Laudacja Julii Wollner dla Adama Szczucińskiego (nagroda za książkę Paradiso, wyd. Próby 2021)
Pamiętam, że kiedy równo 10 lat temu przeczytałam esej Podróżować, pisać Joanny Ugniewskiej, ogarnął mnie smutek i przerażenie – jako czytelniczkę i jako osobę piszącą. W tej doskonałej książeczce autorka, dziś członkini kapituły Nagrody Literackiej im. L. Staffa, przypomina, że o Włoszech rozprawiali najwięksi, że powiedziano o nich już wszystko, i że na dobrą sprawę my sami, podobnie jak nam współcześni, nic nowego już powiedzieć nie możemy.
Po przerażeniu przyszedł czas na ulgę, bo sytuacja ta, na swój sposób, nosi też znamiona wyzwolenia. Pozwala uciec od wszechobecnej paplaniny, delektować się ciszą; zachęca do przeżywania bez przekuwania emocji w słowa niedoskonałe. Jeśli po drodze trafi nam się zachwycająca współczesna lektura, tym piękniejszą sprawi nam niespodziankę. Dla mnie taką niespodzianką była książka Paradiso Adama Szczucińskiego, pokazująca, że nawet dziś, w XXI wieku, można jeszcze znaleźć swój klucz do Włoch, a konkretnie – do Wenecji. Dla Autora stała się nim poezja i postać Josifa Brodskiego.
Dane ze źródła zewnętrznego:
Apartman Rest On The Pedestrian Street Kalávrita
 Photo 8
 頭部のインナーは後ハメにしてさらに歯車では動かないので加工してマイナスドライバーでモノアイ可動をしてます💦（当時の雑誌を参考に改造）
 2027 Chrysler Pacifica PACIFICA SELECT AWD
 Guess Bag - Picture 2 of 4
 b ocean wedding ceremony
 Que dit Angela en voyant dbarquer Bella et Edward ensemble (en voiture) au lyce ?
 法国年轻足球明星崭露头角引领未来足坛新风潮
To dzięki nim powstały zapiski przypominające slajdy – do oglądania w prześwicie własnych emocji, refleksji i wspomnień. Dziękuję panu Adamowi za ten wzruszający seans i za to, że, mimo wszystko, zdecydował się nie tylko podróżować, ale także, jeśli nie przede wszystkim, pisać.